Na verdade há uma contraposição de forças que envolvem esta atitude religiosa e política no mundo ocidental. Primeiramente, as sociedades ocidentais da atualidade estão estabelecidas sobre a separação oficial do Estado e da Igreja. Portanto, o pensamento predominante é o que “a religiosidade não deve gerir ou interferir nos assuntos temporais” o que ameaça a qualquer pessoa temente a Deus de ser discriminada como “fanática” ou “retrógrada” se por razões de consciência e fé se opor aos costumes irreligiosos aceitos pela sociedade. O mesmo se dá (com sérias conseqüências) quando essa pessoa se nega a servir o Estado naquilo que fere sua consciência e crença religiosa. Os chamados objetores de consciência tornaram-se um incômodo problema para os estados belicosos nas duas grandes guerras.

A correta atitude religiosa e política no caso específico dos muçulmanos, encontra um outro desafio nos países ocidentais: o forte preconceito contra o Islam e a situação política mundial que elege o Islam como um opositor do pensamento e da cultura ocidental.

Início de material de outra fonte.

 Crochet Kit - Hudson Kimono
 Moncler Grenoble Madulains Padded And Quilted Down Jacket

Logo, a ignorância e a desinformação são obstáculos consideráveis que só podem ser vencidos com um empenho pessoal e coletivo bem orientado.

Novamente surge o dilema do qual os muçulmanos não podem se furtar numa sociedade em que constituem uma minoria: a atuação religiosa, social e política embora seja uma iniciativa pessoal não pode e não deve se manter neste estágio, é premente a necessidade de uma integração de forças que resulte em uma atuação comunitária que utilize todos os recursos que a sociedade dispõe.

Contudo, esta atuação comunitária deve conter em si a mesma, correta atitude individual e a mesma clareza de objetivos. Por isso reafirmamos que o atual conceito de comunidade islâmica no Brasil há de ser reavaliado e retomar as bases e os autênticos objetivos do Islam. Caso continuemos a admitir que comprometimentos étnicos e raciais dirijam os rumos da comunidade islâmica no Brasil isso permanecerá como um entrave para a nossa correta atuação religiosa, social e política tal como o Islam exige dos muçulmanos.